Kathy Kiera Clarke (possibly Keira) is a Northern Irish actress. She is best known for her role as Aunt Sarah in Derry Girls.

Career

Film and television
Clarke's first television role was as Bernadette Brennan in Head over Heels in 1993. In 1995, she appeared in an episode of Chandler & Co as Poppy Farquhar. She appeared as Rosemary in the 1996 film Eskimo Day.

In 2000, she played Rosie in the film The Most Fertile Man in Ireland and a production assistant in the film Wild About Harry. She also played Anna Le Page in the television series, Take a Girl Like You. In 2002, Clarke played Frances in Bloody Sunday. In 2003, she played Nicola Blyth in the film Solid Air.

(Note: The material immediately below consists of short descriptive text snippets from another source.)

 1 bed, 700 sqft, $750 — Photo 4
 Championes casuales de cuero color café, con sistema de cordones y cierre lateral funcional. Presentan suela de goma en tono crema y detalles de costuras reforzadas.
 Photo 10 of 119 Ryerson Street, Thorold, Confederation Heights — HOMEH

In 2004, Clarke appeared as Una in the comedy series Pulling Moves. She played Elizabeth Gibson in the film Omagh and played Jenifer Gaghan in two episodes of Silent Witness. In 2005, she played Sinead in four episodes of Proof. In 2006, she played Agnes in the film Small Engine Repair. In 2009, she played Emma in the film Cherrybomb.

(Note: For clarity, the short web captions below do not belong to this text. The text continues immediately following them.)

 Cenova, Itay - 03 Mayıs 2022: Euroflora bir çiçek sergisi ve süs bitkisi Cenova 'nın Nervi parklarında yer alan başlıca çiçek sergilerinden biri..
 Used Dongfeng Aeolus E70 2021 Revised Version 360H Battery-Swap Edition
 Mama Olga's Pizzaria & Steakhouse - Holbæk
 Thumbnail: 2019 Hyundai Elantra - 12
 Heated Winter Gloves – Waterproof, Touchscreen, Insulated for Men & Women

In 2013, she played Marlene Riley in The Ice Cream Girls. In 2017, she played Varvara in the film Bitter Harvest. Since 2018, Clarke has played the role of Aunt Sarah in the Channel 4 sitcom Derry Girls written by Lisa McGee.

In 2020, Clarke played the role of Sybil Stamfordis in the BBC One miniseries, The Pale Horse. Ann Donahue, writing for IndieWire, said that Clark's "portrayal of witch Sybil is a fun triple-take-inducing switch from her work as the ditzy aunt on Derry Girls."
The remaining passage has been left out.